We learned Yod - "Y" - which means "arm", and which is the picture of an extended arm and hand.

We learned Tav - "T" - last letter of the alphabet, and we learned that it doesn't mean anything. Rather, it IS a mark, consisting of a cross in this form: "t", but without the little serif tail that the computer puts on it. Just a straight up and down cross.

And we spent a whole page on Waw/Vav - which with a dot on it today is "O", and without a dot is "V", today, but which was originally the vowel "u". Its pictograph is a tent peg, and it signifies that the thing before and the thing next are linked together.
It means "and". But it doesn't mean "but" and theological error arises when it is translated as "but". A tent peg links. A tent wall divides.

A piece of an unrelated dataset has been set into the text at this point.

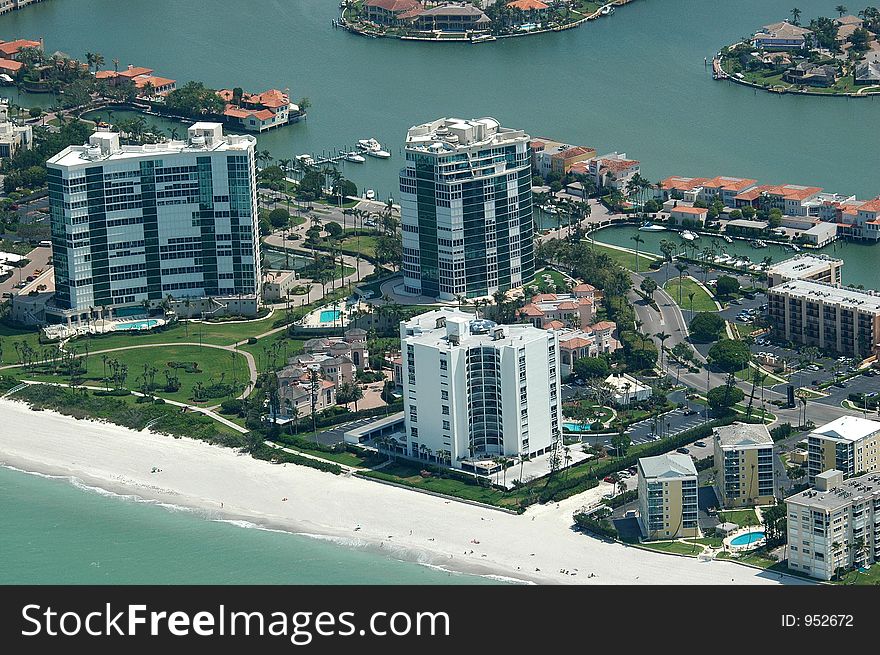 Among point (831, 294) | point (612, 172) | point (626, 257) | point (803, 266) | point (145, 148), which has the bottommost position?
point (626, 257)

Waw is a tent peg.

I personally prefer to pronounce "Vav", because Waw (or Uau, as in Luau) is harder to pronounce, but I use "Waw" as the Hebrew, because I associate it with the only organized sound that SETI ever hears from 40 years listening to space: the undulating "Waw-Waw-waw-waw" of open frequency energy. If there is actually a voice of God ringing through the universe, it's audible to us as Waw-waw-waw-waw, and given that Waw/Vav is a tent peg linking things, and God is the common creator of all things, I'll take my cue from the sky and call the letter "Waw"...because it makes me feel clever to do so. Who knows what the original pronunciation was (and what difference does it make).

So, so far we have learned A,B,G,D,H,Y,T and U.

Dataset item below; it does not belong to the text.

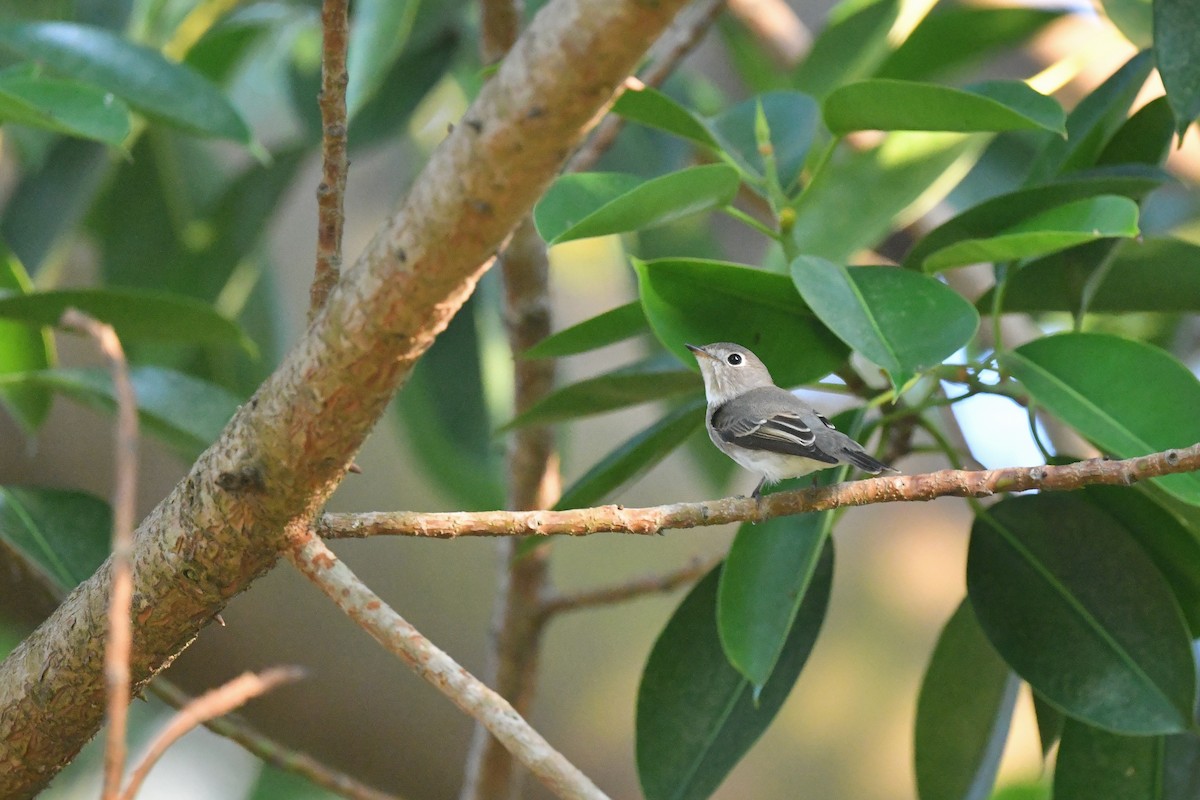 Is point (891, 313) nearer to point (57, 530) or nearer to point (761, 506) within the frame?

We're almost ready to take on the first word of Scripture: Bereshit. Or B'reshyt. Or various other pronunciations. We have to learn "Sh" and "R" before we start.

It is strange to think that the whole Bible starts with a word that, read direct in English, would come out as "Bear [bless and do not curse][bless and do not curse][bless and do not curse][bless and do not curse]". Actually, it's funny. To me. Others give me stern looks.
(This is why I really should not be a history teacher...or a Sunday school teacher for that matter.)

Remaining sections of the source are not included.